Strictly Come Dancing will avoid a direct scheduling clash with The X Factor when it launches on BBC1 later this month. The upcoming tenth series of the BBC's popular light entertainment dancing format will premiere from 6.30pm to 7.35pm on Saturday 15 September on BBC1. Which is nice. Meanwhile, The X Factor will be broadcast that evening from 8.10pm to 9.10pm on ITV, meaning the rival shows will avoid a similar clash to that which occurred with The Voice and Britain's Got Talent were shown earlier this year. Strictly Come Dancing will therefore overlap with only You've Been Framed and Dom Joly's risibly awful Fool Britannia. However, Doctor Who will overlap with The X Factor by ten minutes. It has yet to be determined whether Strictly Come Dancing will avoid The X Factor throughout their entire runs. Strictly judges Len Goodman, Craig Revel Horwood and Bruno Tonioli will return for the tenth series, alongside new member yer actual Darcey Bussell who replaced some odious and talentless greed bucket (and drag) of no fixed ability.

The Dallas reboot premiered on Channel Five with nearly three million viewers on Wednesday, while new ITV drama Mrs Biggs debuted with just over four million. The US drama, back after twenty one years with a mixture of new stars (Jesse Metcalfe) and old (Larry Hagman and Patrick Duffy) averaged 2.9 million viewers between 9pm and 10.15pm on Wednesday. This was nearly double Channel Five's average share in the slot over the last three months. Mrs Biggs, the Jeff Pope drama about the Great Train Robbery from the point of view of Ronnie Biggs' then wife Charmian, played by Sheridan Smith, had just shy of four million viewers between 9pm and 10pm (3.83m). The ITV drama was narrowly beaten by BBC1's Who Do You Think You Are?, featuring Annie Lennox, which had 4.1 million viewers, also between 9pm and 10pm. Over on BBC2 the last episode of the second series of comedy drama Vexed, starring Toby Stephens, finished with eight hundred thousand viewers.

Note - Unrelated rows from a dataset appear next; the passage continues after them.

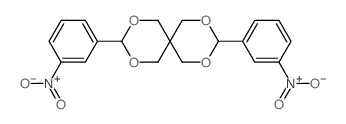 3,9-bis(3-nitrophenyl)-2,4,8,10-tetraoxaspiro[5.5]undecane structure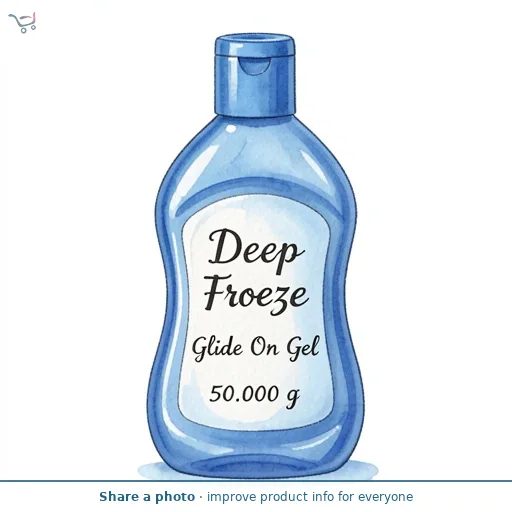 Deep Freeze Glide On Gel 50g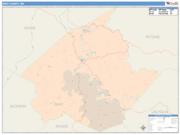Wirt <br /> Wall Map <br /> Color Cast Style 2025 Map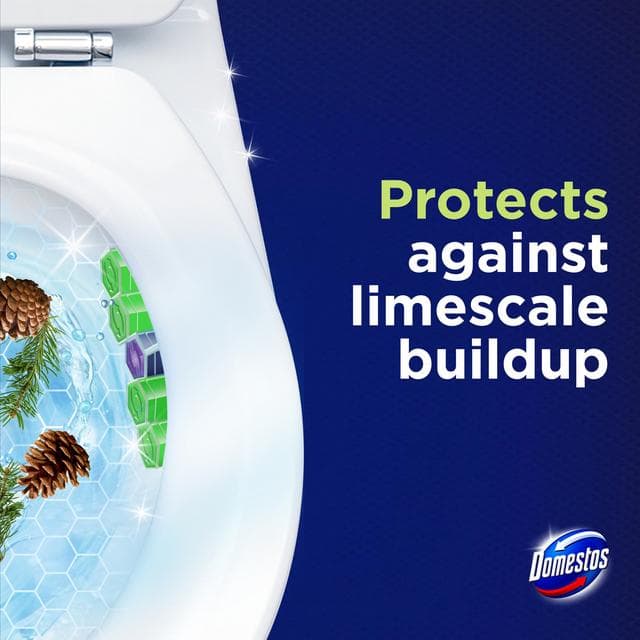 Domestos Power 2 x 50g Pine Toilet Rim Blocks - gallery image 4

Channel Four's evening Paralympics show had an average of 2.5 million viewers between 7.30pm and 10.30pm, with a five-minute peak of 3.3 million. Earlier, All Star Mr and Mrs returned for a fourth series on ITV with 3.7 million viewers between 8pm and 9pm. It beat the last of BBC1's gardening show, The Flowerpot Gang, which finished its four-part run with 2.2 million viewers also between 8pm and 9pm.

The millions of viewers who tuned into the Olympics helped BBC1 leap into its biggest ever lead over ITV in the ratings. With a third of the year remaining BBC1 has a 21.9 per cent share of the audience in 2012, according to industry figures. BBC1 is a record 7.2 percentage points ahead of ITV, on 14.7 per cent, with the lead narrowing to 6.5 percentage points when timeshifted channel, ITV+1 is included. Alleged ITV 'insiders' allegedly pointed out that ITV had the most watched entertainment show of the year to date, the final of Britain's Got Talent, and was home to six of the top ten highest rating dramas of the year across all channels. The BBC channel is up from an all-day share of 20.7 per cent throughout the whole of 2011, but ITV fell back from sixteen per cent last year. The pattern is repeated in peak time, between 6pm and 10.30pm, where BBC1 has a twenty four per cent share up until Friday 24 August this year, against ITV's 19.3 per cent. In 2011 the peak-time shares were 22.6 per cent for BBC1 and 21.2 per cent for ITV. It is the BBC's biggest lead over ITV, in peak and all-day, on record. BBC1's audience was given a double boost by the Olympics and the Queen's diamond jubilee. The corporation said BBC1's share of the audience was already substantially up before the London 2012 Games, where the Opening Ceremony was watched by a five-minute peak audience of twenty seven million people. BBC1 has been the nation's most popular television channel since overtaking ITV in terms of overall share of the audience in 2001. Both channels have inevitably been in long-term decline with the rise of multichannel television – although ITV's audience share has fallen more steeply than BBC1's over the past decade.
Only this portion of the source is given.